F&M Stories

Italian Hip Hop Artist Visits F&M for Classes and Concert

Amir Issaa is an Italian writer, educator, and hip hop artist. The son of an Italian mother and an Egyptian father, he was initially launched as an "immigrant rapper." Though this definition does not correspond to his identity as an Italian citizen of mixed descent, the label opened for him the opportunity to engage with important political and social issues such as economic inequality, immigration, integration, diversity, and citizenship. With his music he has made waves both in Italy and abroad, receiving international recognition especially for his contributions to the public debate about Italian citizenship law. His 2018 American tour included stops at Temple University, F&M, Dickinson, Gettysburg, and Bucknell, where he performed and presented his work to students of Italian language and culture, eager to know more about contemporary Italian culture and society.

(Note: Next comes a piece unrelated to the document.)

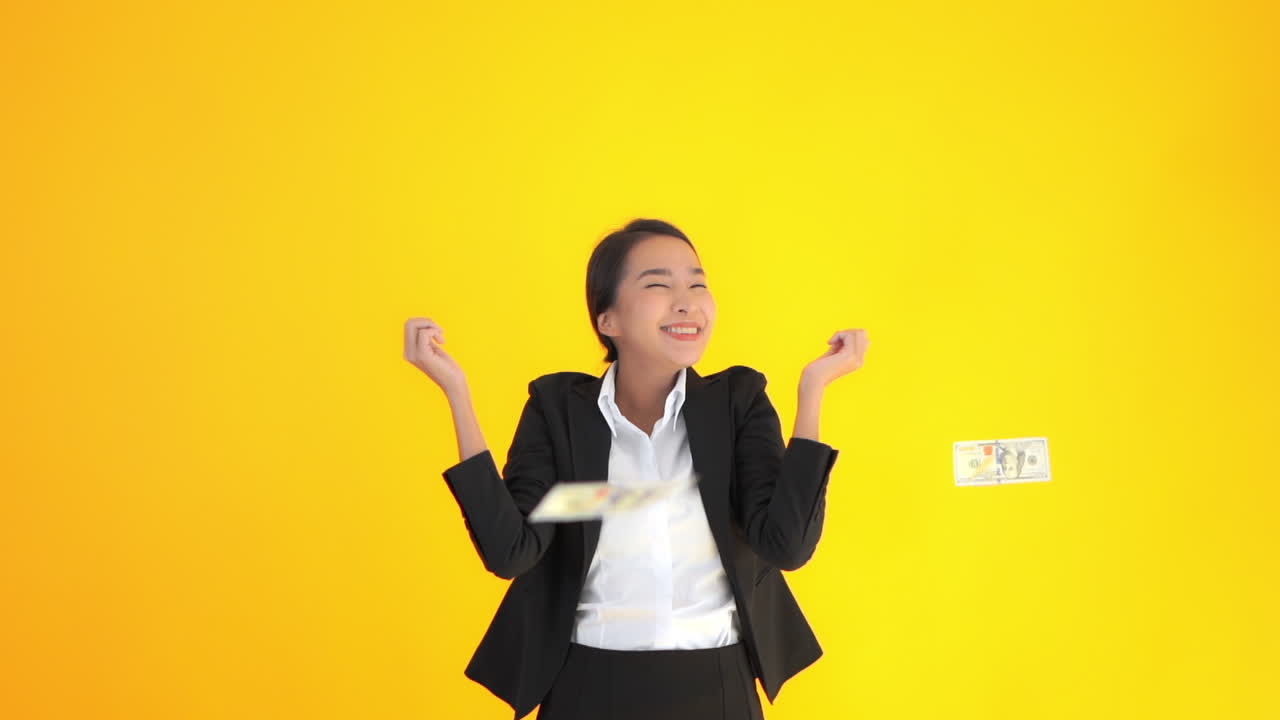 Slowmotion Asian woman office worker throws money in the air happily over yellow background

At F&M he met with students who read his autobiography, Vivo per questo (I Live for This) as part of their Italian literature courses, and worked on his songs in their classes. In Vivo per questo, Issaa discusses his experiences growing up in a poor neighborhood at the margin of a European metropolis such as Rome. His father spent most of Issaa's youth in prison, on charges of drug trafficking, and in the book he details his difficulties as a teenager who felt that he didn't belong anywhere. It was the discovery of the culture of urban "writing" and, later, hip hop music, which allowed him to explore and shape his own identity and sense of belonging.

Issaa performed eight of his songs, grounded in his life as a Roman and his civic passion for the most urgent issues in contemporary society, on Tuesday, November 6 at 7pm at the Other Room Theatre, in front of an enthusiastic public of students that joined him in singing and dancing. His songs, from "Stranger in My Own Country," to "I Am Not an Immigrant," and "My Skin," describe both his own experience as a dark-skinned Italian and the experiences of discrimination that many people, born and raised in Italy but without access to citizenship, often face. "Ius Music" intervenes directly in the debate on the need to reform citizenship legislation to allow a shift from ius sanguinis to a moderate ius soli. In "This is Rome" he sings the underbelly of the Eternal City, hidden to tourists and art lovers, but as vital to the city's identity as museums and Roman ruins.